Given information:
________________________________________
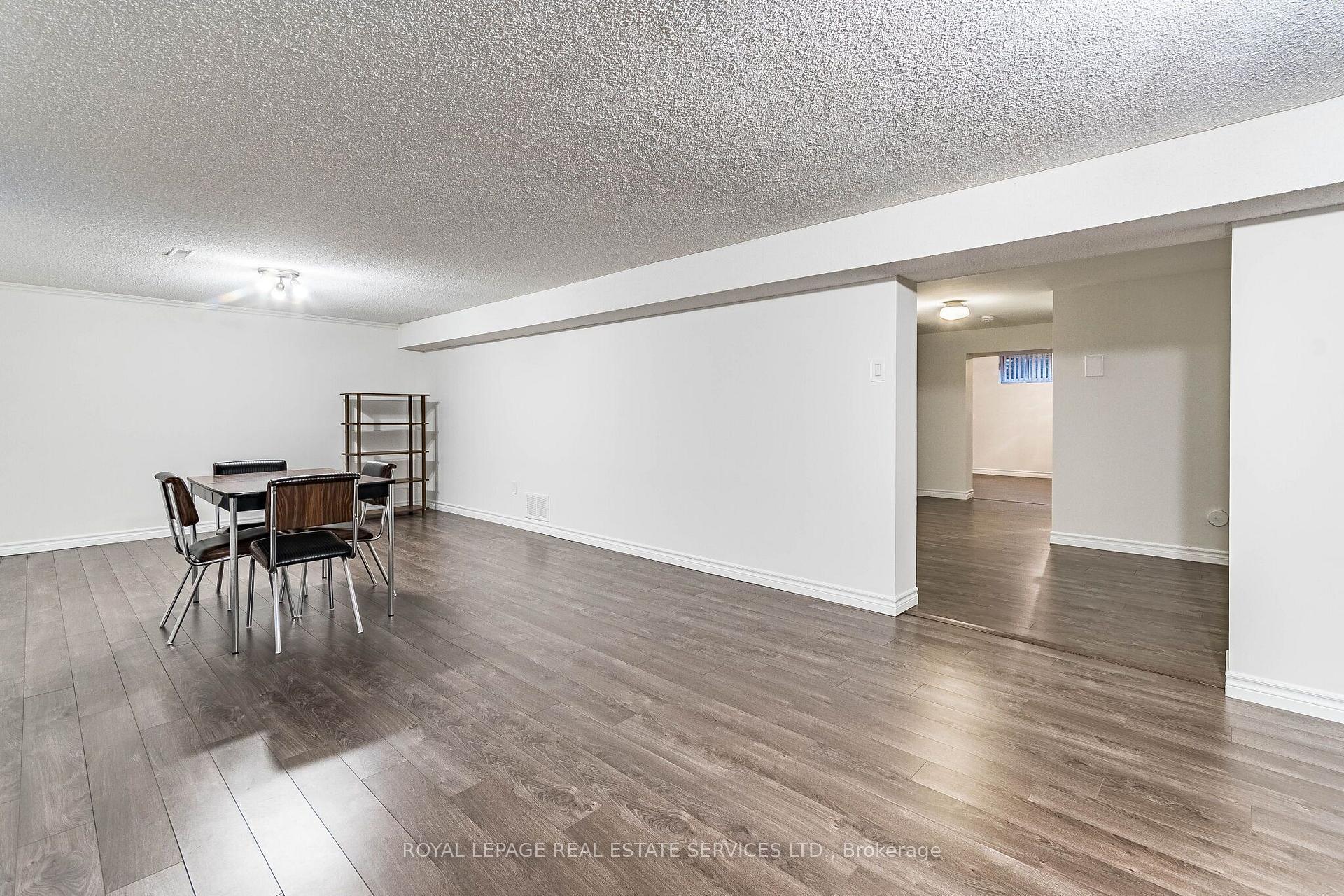 Photo 30 of 213 The Kingsway, Etobicoke, Edenbridge-Humber Valley — HOMEH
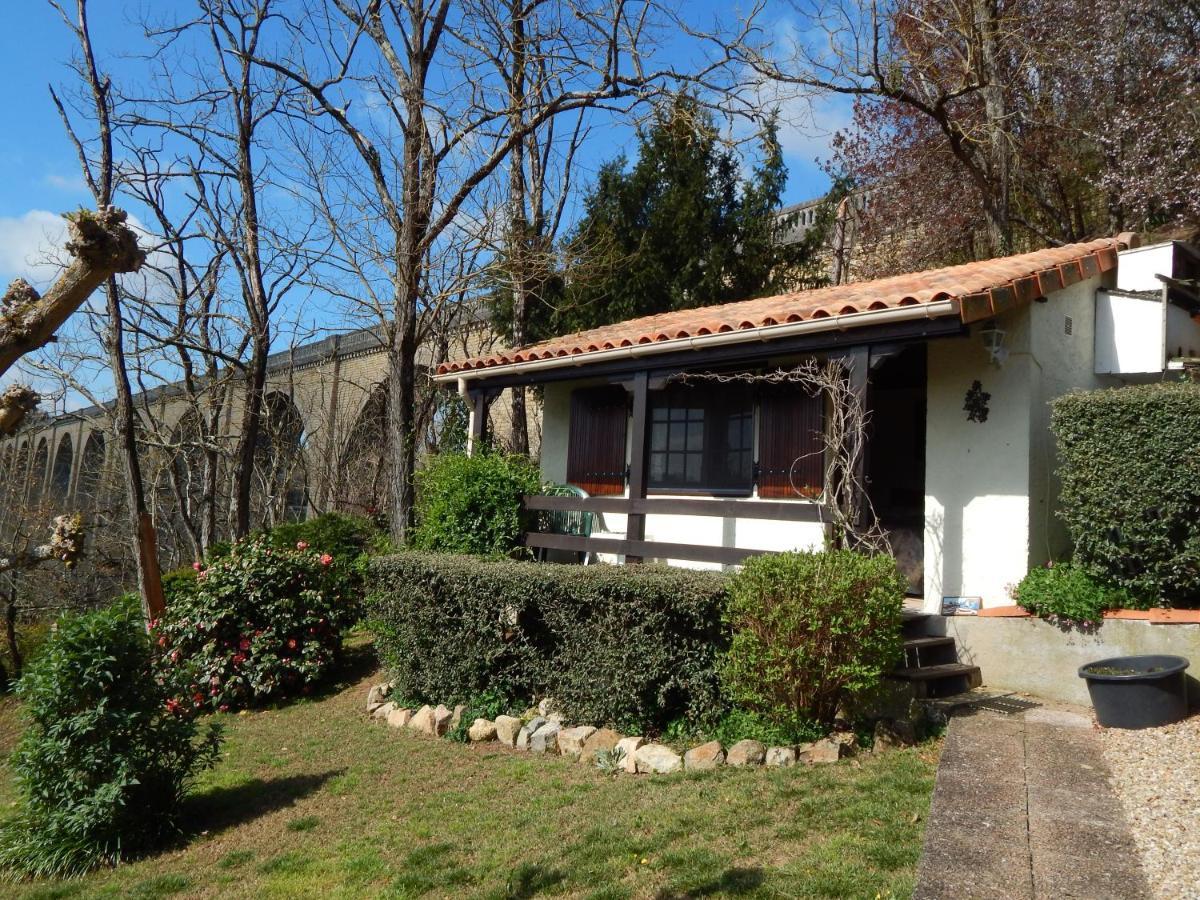 The Petite Chalet Chambre D'Hotes L'Isle-Jourdain  Exterior photo
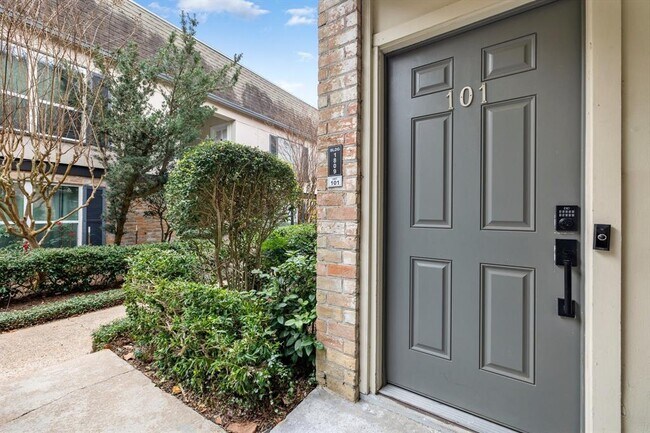 Building Photo - 1809 Stoney Brook Dr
________________________________________
Instructions for the task:
Starting with the line that contains "The Petite Chalet" and ending with the last line of the material, every line must be written out exactly; no other lines and no pictures are wanted.

Exercise result:
 The Petite Chalet Chambre D'Hotes L'Isle-Jourdain  Exterior photo
 Building Photo - 1809 Stoney Brook Dr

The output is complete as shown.